# Python Usage
For greater flexibility and integration, you can use GRACE-HPC programmatically, directly in a **Python script** (.py) or **Jupyter Notebook** (.ipynb) by importing and calling a function. This enables you to embed the tool into your own workflows, automate analyses, or even develop your own custom carbon footprinting solutions.

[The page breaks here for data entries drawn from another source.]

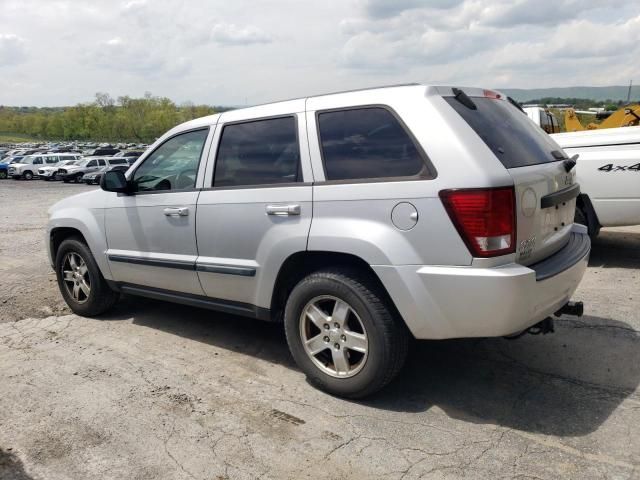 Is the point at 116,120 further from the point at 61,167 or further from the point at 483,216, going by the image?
the point at 483,216

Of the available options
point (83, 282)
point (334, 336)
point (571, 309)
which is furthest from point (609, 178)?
point (83, 282)

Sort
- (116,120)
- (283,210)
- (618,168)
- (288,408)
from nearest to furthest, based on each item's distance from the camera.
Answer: (288,408), (283,210), (618,168), (116,120)

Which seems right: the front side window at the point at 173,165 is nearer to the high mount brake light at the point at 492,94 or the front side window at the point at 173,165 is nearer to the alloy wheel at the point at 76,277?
the alloy wheel at the point at 76,277

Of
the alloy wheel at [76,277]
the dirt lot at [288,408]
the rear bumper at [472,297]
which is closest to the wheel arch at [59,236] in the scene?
the alloy wheel at [76,277]

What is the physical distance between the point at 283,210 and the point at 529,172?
4.99 ft

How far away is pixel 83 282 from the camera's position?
530 cm

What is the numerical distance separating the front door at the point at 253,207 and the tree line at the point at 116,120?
113343 millimetres

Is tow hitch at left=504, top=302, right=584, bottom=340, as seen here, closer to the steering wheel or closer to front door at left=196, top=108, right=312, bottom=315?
front door at left=196, top=108, right=312, bottom=315

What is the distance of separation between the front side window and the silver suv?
16 mm

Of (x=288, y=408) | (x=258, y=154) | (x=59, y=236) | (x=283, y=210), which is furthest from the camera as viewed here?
(x=59, y=236)

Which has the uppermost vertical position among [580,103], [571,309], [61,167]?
[580,103]

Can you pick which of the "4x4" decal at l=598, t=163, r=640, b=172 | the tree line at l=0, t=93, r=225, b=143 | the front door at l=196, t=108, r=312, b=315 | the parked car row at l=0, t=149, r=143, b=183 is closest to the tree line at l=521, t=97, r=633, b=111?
the "4x4" decal at l=598, t=163, r=640, b=172

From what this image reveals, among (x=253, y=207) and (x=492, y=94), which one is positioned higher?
(x=492, y=94)

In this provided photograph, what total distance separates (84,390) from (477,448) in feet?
8.52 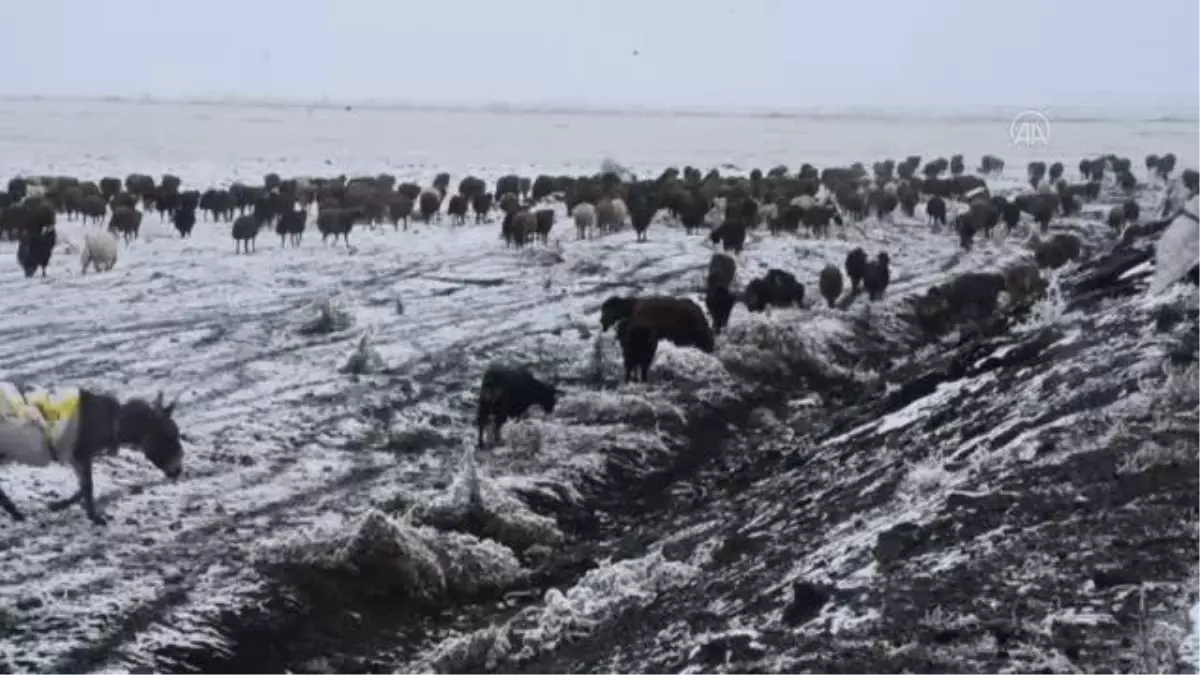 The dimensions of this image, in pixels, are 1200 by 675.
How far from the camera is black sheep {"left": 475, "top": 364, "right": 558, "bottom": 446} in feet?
48.3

> 💡 *You must have generated, edited, and saved the `hpc_config.yaml` [configuration file](configuration.md) before completing the steps below.*
## Import the Function
In your Python code, enter:
```python
from gracehpc import gracehpc_run
```
## Function Arguments
The arguments are identical to those used in the CLI. For detailed descriptions and available options, refer to the [Inputs Arguments](inputs_outputs.md#input-arguments) section.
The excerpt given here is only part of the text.